Segment Start: Data segment

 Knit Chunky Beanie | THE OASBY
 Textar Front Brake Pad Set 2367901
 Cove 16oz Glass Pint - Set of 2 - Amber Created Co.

Segment End: Data segment

All of the material above needs to be transcribed verbatim.

 Knit Chunky Beanie | THE OASBY
 Textar Front Brake Pad Set 2367901
 Cove 16oz Glass Pint - Set of 2 - Amber Created Co.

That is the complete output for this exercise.